**SUPPLIED DATA**:
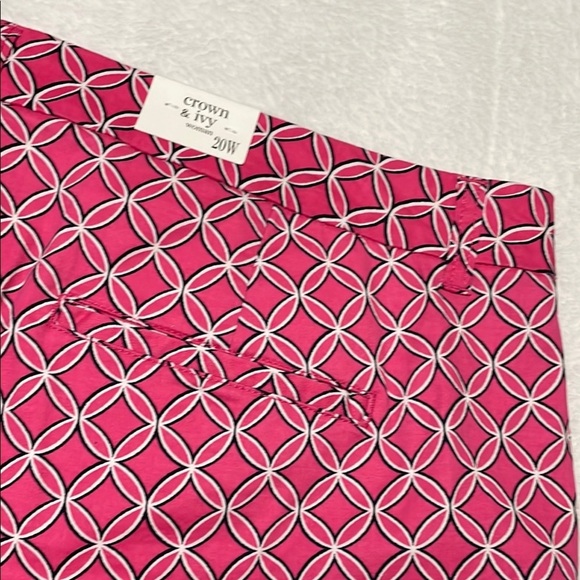 Crown &Ivy Pink Geometric Women's Shorts Sz 20W - Picture 7 of 9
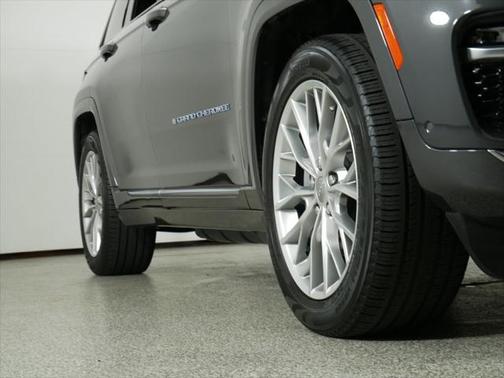 2022 Jeep Grand Cherokee 4xe Summit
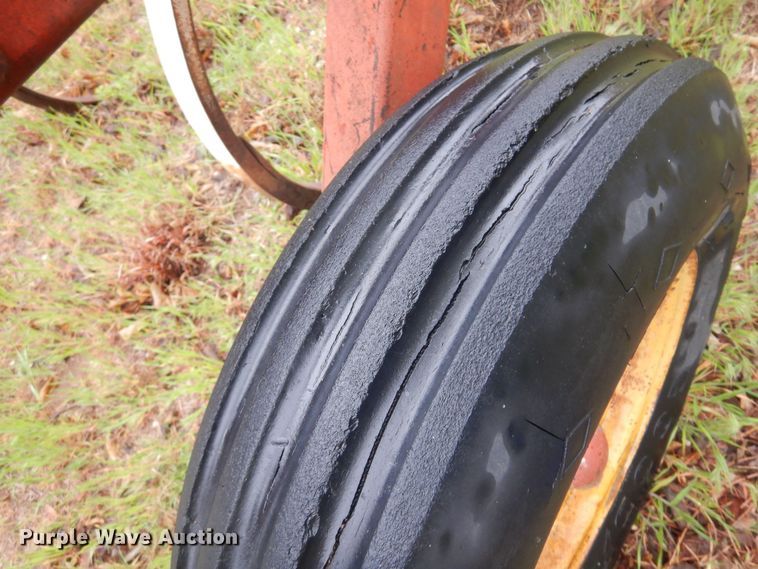 image for item DQ0581 International 55  chisel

**REQUIRED WORK**: Print each line above exactly as it appears, excluding all images.

**RESPONSE TO THIS TASK**:
 Crown &Ivy Pink Geometric Women's Shorts Sz 20W - Picture 7 of 9
 2022 Jeep Grand Cherokee 4xe Summit
 image for item DQ0581 International 55  chisel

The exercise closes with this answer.